1. Maxine on "Driver Safety" - "I can't use the cell phone in the car. I have to keep my hands free for making gestures."
2. Maxine on "Life" - "Life is like an oven. It burns my buns."
3. Maxine on "Housework" - "I do my housework in the nude. It gives me an incentive to clean the mirrors as quickly as possible."
4. Maxine on "Lawn Care" - "The key to a nice-looking lawn is a good mower. I recommend one who is muscular and shirtless."
5. Maxine on "Body Piercing" - "I'd get my tongue pierced, but I still have a little bit of brain left in my head."

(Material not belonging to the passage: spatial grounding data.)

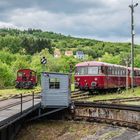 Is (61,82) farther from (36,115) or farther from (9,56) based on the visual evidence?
(9,56)

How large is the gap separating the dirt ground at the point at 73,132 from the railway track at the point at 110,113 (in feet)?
2.13

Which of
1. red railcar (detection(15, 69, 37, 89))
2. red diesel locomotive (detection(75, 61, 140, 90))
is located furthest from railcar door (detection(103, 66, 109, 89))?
red railcar (detection(15, 69, 37, 89))

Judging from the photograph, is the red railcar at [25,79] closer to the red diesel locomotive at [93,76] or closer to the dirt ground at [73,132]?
the red diesel locomotive at [93,76]

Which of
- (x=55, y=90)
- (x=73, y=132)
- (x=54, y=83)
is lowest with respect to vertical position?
(x=73, y=132)

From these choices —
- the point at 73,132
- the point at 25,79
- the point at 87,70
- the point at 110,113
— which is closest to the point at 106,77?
the point at 87,70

6. Maxine on "the Perfect Man" - "All I'm looking for is a guy who'll do what I want, when I want, for as long as I want, and then go away. Or wait nearby, like a Dust Buster, charged up and ready when needed."
7. Maxine on "Work" - "My performance at work has really improved over the years. Now I can nail a co-worker with a paper-clip shot from a rubber band at 20 yards."
8. Maxine on "the Technology Revolution" - "My idea of rebooting is kicking somebody in the butt twice."
9. Maxine on "Aging" - "Take every birthday with a grain of salt. This works m uch better if the salt accompanies a large margarita."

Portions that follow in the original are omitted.